Il écrit des ouvrages de théologie et des ouvrages historiques sur les membres éminents de son ordre, tout en se passionnant pour l'astrologie, la magie et les sciences hermétiques. Vers 1499, il travaille sur sa stéganographie, en apparence un art de crypter les messages. Suite à des indiscrétions, et comme il utilise des signes étranges dans sa stéganographie, on croit qu'il compose un grimoire de magie et il doit rendre des comptes. Cependant, ni sa foi, ni son orthodoxie ne peuvent être prises en défaut. Durant une visite qu'il rend à Heidelberg au comte palatin du Rhin, Philippe l'Ingénu, en 1505, ses moines, qui ne supportent pas l'austérité de sa discipline, se saisissent de l'occasion pour se révolter en brûlant sa bibliothèque magique.

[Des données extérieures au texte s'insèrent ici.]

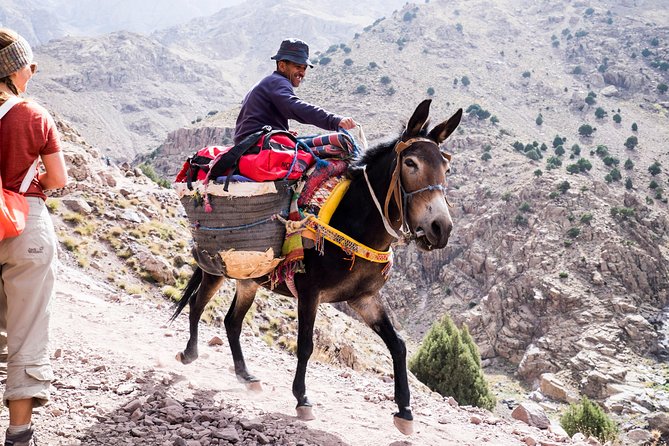 2 day mount toubkal trek ( private trek ) - Two Days, One Big Summit: What This Private Toubkal Trek Really Feels Like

Jean Trithème ne revient pas au monastère et pose sa démission en 1506. Il accepte l'offre de l'évêque de Würzburg, Lorenz von Bibra (évêque de 1495 à 1519), qui le place comme abbé[2] du Schottenkloster (monastère écossais) de l'abbaye Saint-Jacques de Würzburg, où il demeure jusqu'à la fin de sa vie. Il y reprend ses travaux et ses enseignements secrets, mais avec beaucoup plus de prudence. Il fait croire qu'il n'achèvera pas sa stéganographie et il rédige sa Polygraphie, qui forme la suite. Il continue aussi à approfondir la kabbale et à étudier la magie en protégeant ses travaux au moyen de ses méthodes de cryptage. Il a un savoir immense, mais son goût immodéré des mystères et du fantastique lui valent des ennemis, comme des protections. Il déconcerte : d'un côté, il est l'auteur d'ouvrages de piété, de théologie et d'histoire religieuse, et, d'un autre côté, sa stéganographie et ses autres ouvrages hermétiques lui donnent une réputation de magicien. Charles de Bovelles, passé par Sponheim en 1503, considère la stégonagraphie comme de la sorcellerie.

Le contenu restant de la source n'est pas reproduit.